[[ Data listing open ]]

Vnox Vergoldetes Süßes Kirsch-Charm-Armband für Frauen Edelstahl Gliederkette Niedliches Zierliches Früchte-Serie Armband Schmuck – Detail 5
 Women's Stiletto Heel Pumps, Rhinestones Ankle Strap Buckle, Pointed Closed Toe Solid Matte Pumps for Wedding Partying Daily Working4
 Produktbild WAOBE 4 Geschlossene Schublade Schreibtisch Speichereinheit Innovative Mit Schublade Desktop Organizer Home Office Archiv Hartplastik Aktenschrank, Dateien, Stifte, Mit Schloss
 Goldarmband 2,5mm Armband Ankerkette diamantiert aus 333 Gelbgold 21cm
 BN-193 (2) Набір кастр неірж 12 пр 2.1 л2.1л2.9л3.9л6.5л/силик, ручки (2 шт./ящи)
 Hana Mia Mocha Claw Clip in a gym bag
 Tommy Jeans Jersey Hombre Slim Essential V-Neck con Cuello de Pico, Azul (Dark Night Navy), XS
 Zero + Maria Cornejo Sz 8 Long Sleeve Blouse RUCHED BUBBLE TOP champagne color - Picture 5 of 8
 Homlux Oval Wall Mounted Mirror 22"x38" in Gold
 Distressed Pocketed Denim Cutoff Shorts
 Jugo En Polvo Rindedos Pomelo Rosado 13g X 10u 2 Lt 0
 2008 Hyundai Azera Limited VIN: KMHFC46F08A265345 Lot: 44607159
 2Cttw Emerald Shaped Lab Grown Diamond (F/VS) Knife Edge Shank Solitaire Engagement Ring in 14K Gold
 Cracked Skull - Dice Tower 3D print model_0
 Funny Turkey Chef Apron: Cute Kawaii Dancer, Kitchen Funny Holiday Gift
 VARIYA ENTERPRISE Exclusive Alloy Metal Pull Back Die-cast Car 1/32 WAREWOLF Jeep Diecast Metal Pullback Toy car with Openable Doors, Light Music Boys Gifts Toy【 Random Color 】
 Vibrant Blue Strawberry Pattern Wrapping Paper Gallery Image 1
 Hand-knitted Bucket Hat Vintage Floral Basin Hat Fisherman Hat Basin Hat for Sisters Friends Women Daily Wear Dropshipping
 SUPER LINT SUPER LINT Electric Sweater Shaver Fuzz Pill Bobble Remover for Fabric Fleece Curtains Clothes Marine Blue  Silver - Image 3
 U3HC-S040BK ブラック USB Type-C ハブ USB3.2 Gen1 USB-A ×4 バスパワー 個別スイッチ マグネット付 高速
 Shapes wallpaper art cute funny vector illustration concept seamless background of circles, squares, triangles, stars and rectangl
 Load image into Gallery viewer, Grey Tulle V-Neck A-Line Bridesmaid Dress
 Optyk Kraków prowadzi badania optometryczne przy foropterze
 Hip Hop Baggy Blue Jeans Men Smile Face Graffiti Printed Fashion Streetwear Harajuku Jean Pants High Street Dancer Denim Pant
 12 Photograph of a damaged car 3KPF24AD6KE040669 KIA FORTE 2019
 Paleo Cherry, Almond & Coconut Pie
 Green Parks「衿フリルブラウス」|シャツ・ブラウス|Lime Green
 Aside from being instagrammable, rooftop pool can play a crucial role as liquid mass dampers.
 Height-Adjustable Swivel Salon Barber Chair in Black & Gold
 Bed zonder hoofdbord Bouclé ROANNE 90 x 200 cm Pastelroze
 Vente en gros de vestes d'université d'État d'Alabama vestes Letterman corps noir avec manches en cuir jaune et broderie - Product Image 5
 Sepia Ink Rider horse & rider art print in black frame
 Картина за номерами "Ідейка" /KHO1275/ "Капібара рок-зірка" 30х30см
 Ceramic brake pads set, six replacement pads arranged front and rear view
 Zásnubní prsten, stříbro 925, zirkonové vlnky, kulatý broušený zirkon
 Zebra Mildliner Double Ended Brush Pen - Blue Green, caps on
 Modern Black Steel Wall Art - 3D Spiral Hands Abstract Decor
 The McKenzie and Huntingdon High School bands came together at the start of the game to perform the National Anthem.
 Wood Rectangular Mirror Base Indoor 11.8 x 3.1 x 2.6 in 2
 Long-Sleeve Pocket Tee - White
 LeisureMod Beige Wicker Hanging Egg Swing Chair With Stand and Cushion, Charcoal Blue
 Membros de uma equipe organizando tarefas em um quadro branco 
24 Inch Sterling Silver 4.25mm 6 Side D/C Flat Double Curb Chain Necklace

[[ Data listing closed ]]

- What to produce
Transcribe the records above exactly.

- Solution to this problem
Vnox Vergoldetes Süßes Kirsch-Charm-Armband für Frauen Edelstahl Gliederkette Niedliches Zierliches Früchte-Serie Armband Schmuck – Detail 5
 Women's Stiletto Heel Pumps, Rhinestones Ankle Strap Buckle, Pointed Closed Toe Solid Matte Pumps for Wedding Partying Daily Working4
 Produktbild WAOBE 4 Geschlossene Schublade Schreibtisch Speichereinheit Innovative Mit Schublade Desktop Organizer Home Office Archiv Hartplastik Aktenschrank, Dateien, Stifte, Mit Schloss
 Goldarmband 2,5mm Armband Ankerkette diamantiert aus 333 Gelbgold 21cm
 BN-193 (2) Набір кастр неірж 12 пр 2.1 л2.1л2.9л3.9л6.5л/силик, ручки (2 шт./ящи)
 Hana Mia Mocha Claw Clip in a gym bag
 Tommy Jeans Jersey Hombre Slim Essential V-Neck con Cuello de Pico, Azul (Dark Night Navy), XS
 Zero + Maria Cornejo Sz 8 Long Sleeve Blouse RUCHED BUBBLE TOP champagne color - Picture 5 of 8
 Homlux Oval Wall Mounted Mirror 22"x38" in Gold
 Distressed Pocketed Denim Cutoff Shorts
 Jugo En Polvo Rindedos Pomelo Rosado 13g X 10u 2 Lt 0
 2008 Hyundai Azera Limited VIN: KMHFC46F08A265345 Lot: 44607159
 2Cttw Emerald Shaped Lab Grown Diamond (F/VS) Knife Edge Shank Solitaire Engagement Ring in 14K Gold
 Cracked Skull - Dice Tower 3D print model_0
 Funny Turkey Chef Apron: Cute Kawaii Dancer, Kitchen Funny Holiday Gift
 VARIYA ENTERPRISE Exclusive Alloy Metal Pull Back Die-cast Car 1/32 WAREWOLF Jeep Diecast Metal Pullback Toy car with Openable Doors, Light Music Boys Gifts Toy【 Random Color 】
 Vibrant Blue Strawberry Pattern Wrapping Paper Gallery Image 1
 Hand-knitted Bucket Hat Vintage Floral Basin Hat Fisherman Hat Basin Hat for Sisters Friends Women Daily Wear Dropshipping
 SUPER LINT SUPER LINT Electric Sweater Shaver Fuzz Pill Bobble Remover for Fabric Fleece Curtains Clothes Marine Blue  Silver - Image 3
 U3HC-S040BK ブラック USB Type-C ハブ USB3.2 Gen1 USB-A ×4 バスパワー 個別スイッチ マグネット付 高速
 Shapes wallpaper art cute funny vector illustration concept seamless background of circles, squares, triangles, stars and rectangl
 Load image into Gallery viewer, Grey Tulle V-Neck A-Line Bridesmaid Dress
 Optyk Kraków prowadzi badania optometryczne przy foropterze
 Hip Hop Baggy Blue Jeans Men Smile Face Graffiti Printed Fashion Streetwear Harajuku Jean Pants High Street Dancer Denim Pant
 12 Photograph of a damaged car 3KPF24AD6KE040669 KIA FORTE 2019
 Paleo Cherry, Almond & Coconut Pie
 Green Parks「衿フリルブラウス」|シャツ・ブラウス|Lime Green
 Aside from being instagrammable, rooftop pool can play a crucial role as liquid mass dampers.
 Height-Adjustable Swivel Salon Barber Chair in Black & Gold
 Bed zonder hoofdbord Bouclé ROANNE 90 x 200 cm Pastelroze
 Vente en gros de vestes d'université d'État d'Alabama vestes Letterman corps noir avec manches en cuir jaune et broderie - Product Image 5
 Sepia Ink Rider horse & rider art print in black frame
 Картина за номерами "Ідейка" /KHO1275/ "Капібара рок-зірка" 30х30см
 Ceramic brake pads set, six replacement pads arranged front and rear view
 Zásnubní prsten, stříbro 925, zirkonové vlnky, kulatý broušený zirkon
 Zebra Mildliner Double Ended Brush Pen - Blue Green, caps on
 Modern Black Steel Wall Art - 3D Spiral Hands Abstract Decor
 The McKenzie and Huntingdon High School bands came together at the start of the game to perform the National Anthem.
 Wood Rectangular Mirror Base Indoor 11.8 x 3.1 x 2.6 in 2
 Long-Sleeve Pocket Tee - White
 LeisureMod Beige Wicker Hanging Egg Swing Chair With Stand and Cushion, Charcoal Blue
 Membros de uma equipe organizando tarefas em um quadro branco 
24 Inch Sterling Silver 4.25mm 6 Side D/C Flat Double Curb Chain Necklace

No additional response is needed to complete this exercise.